The Talmud (Megillah 10b) teaches that the angels wanted to sing a song of praise to God at the Red Sea, and God responded, "My creations and handiwork are drowning in the sea, and you want to sing!?"

For this reason, the Torah doesn't describe Pesach as the Yom Tov when God punished the Egyptians, but rather as the Yom Tov when God freed us from Egypt. Similarly, on Chanukah our celebration is only due to the miracle of the oil that burned for eight days and of the rededication of the Holy Temple, but not of the military victory over the Greeks.

Similarly, Purim wasn't established to commemorate the death of Haman or the defeat of our enemies. Rather, we celebrate Purim on 14 Adar, the day when the Jews were able to rest and return to their normal lives of serving God without distractions. He adds that this had the additional benefit of not inspiring jealousy on the part of our Achashverosh and our other non-Jewish neighbors. During the time between the original miracle of Purim and its enactment as a Yom Tov, the number of anti-Semitic enemies had surely increased, and the last thing Mordechai wanted to do was give them ammunition and reason to hate us more.

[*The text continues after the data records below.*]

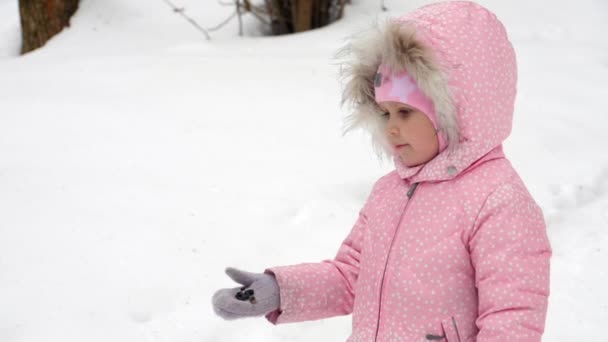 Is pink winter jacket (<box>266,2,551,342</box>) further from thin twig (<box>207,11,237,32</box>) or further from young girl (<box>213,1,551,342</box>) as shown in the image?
thin twig (<box>207,11,237,32</box>)

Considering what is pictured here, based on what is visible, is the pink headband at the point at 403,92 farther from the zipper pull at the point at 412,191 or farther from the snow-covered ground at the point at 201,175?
the snow-covered ground at the point at 201,175

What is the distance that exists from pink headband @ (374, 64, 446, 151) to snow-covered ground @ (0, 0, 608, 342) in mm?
1443

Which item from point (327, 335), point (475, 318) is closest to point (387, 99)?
point (475, 318)

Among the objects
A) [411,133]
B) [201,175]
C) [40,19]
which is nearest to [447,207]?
[411,133]

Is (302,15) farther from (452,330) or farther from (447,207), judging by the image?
(452,330)

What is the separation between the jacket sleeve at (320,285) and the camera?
1989mm

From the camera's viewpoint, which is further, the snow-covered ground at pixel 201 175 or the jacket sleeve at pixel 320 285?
the snow-covered ground at pixel 201 175

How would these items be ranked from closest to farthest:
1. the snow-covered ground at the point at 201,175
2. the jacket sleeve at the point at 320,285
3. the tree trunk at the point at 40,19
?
1. the jacket sleeve at the point at 320,285
2. the snow-covered ground at the point at 201,175
3. the tree trunk at the point at 40,19

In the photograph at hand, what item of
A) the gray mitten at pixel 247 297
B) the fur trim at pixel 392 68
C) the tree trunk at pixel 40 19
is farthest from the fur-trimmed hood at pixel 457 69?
the tree trunk at pixel 40 19

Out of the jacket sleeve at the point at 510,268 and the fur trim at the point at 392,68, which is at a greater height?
the fur trim at the point at 392,68

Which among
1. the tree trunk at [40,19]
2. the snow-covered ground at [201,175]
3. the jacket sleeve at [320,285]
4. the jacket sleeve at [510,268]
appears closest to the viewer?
the jacket sleeve at [510,268]

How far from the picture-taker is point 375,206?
6.40 ft

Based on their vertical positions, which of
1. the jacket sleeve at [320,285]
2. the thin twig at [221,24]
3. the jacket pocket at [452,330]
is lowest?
the thin twig at [221,24]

He adds that for this reason, the Torah commands us in Exodus 12:16 to make a Yom Tov on the seventh day of Pesach, while the Jews were still in Egypt and well before they had arrived at the Red Sea. The reason is that if God only told us to make a festival on the seventh day of Pesach after the splitting of the Red Sea, we might mistakenly think that it's a Yom Tov to celebrate the death of the Egyptians. Therefore, it was told to them in advance to make it clear that it is part of the celebration of the Exodus from Egypt, but not a commemoration of the downfall and suffering of the Egyptians.